People with this type of ADHD presentation often:

  • Make mistakes while doing simple tasks, especially repetitive tasks. They may miss what seem to be simple details that are obvious to others. For example: missing messes around the house or turning in incomplete or inaccurate projects at work.

  • Have difficulty paying attention. Their minds may wander off during meetings, when talking to friends or family, or they may have difficulty reading about things that they do not enjoy.

  • Seem forgetful about doing things regularly, for example, scheduling appointments, returning calls or texts, paying bills, or even doing daily chores.

  • Do not seem to be able to complete things, even if given instructions. Often, not completing chores, starting tasks and not finishing them, or being easily distracted.

  • Express that organization seems to annoy them, and they seem to always have chaotic messes around them. Their houses may be constantly messy and their offices disorganized. They may miss appointments often and have a poor understanding of the passage of time.

  • Get frustrated with tasks that require a lot of mental effort and create a lot of stress and avoid them. For example, preparing reports on time, completing forms, or making appointments.

  • May lose things like wallets, phones, keys, and various other small items that they use daily.

  • Are distracted by things happening around them, like kids running around, or multiple sources of sounds or visual inputs, and have a hard time tuning these things out.

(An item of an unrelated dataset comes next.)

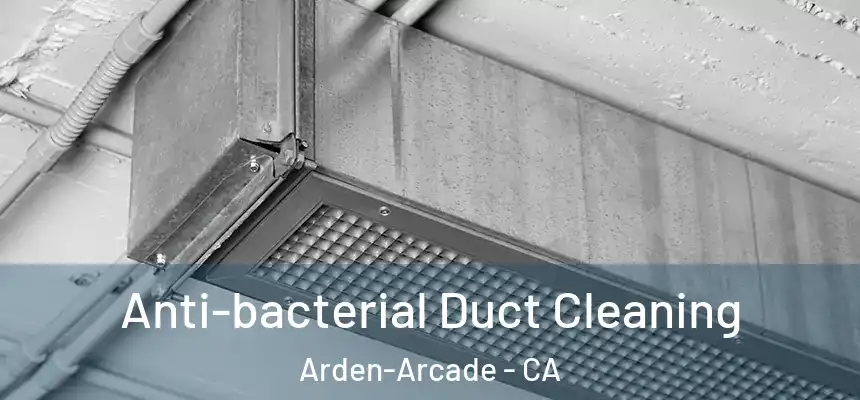 Anti-bacterial Duct Cleaning Arden-Arcade - CA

  • Seem to miss things that are said directly to them, even without obvious distractions. “Excuse me? Can you repeat that? “, or ”Sorry, I was thinking about something else. “, are prime examples of people who deal with this issue.

Known ADHD Causes

Our current knowledge base hasn’t been able to discover a singular cause for ADHD. There are a lot of different things that go into having ADHD, and pinning down just one cause has been the white whale for many scientists and doctors.


What we do know is that there are genetic factors most of the time with people with ADHD. For example, a child with ADHD has a 25% chance of having a parent with ADHD.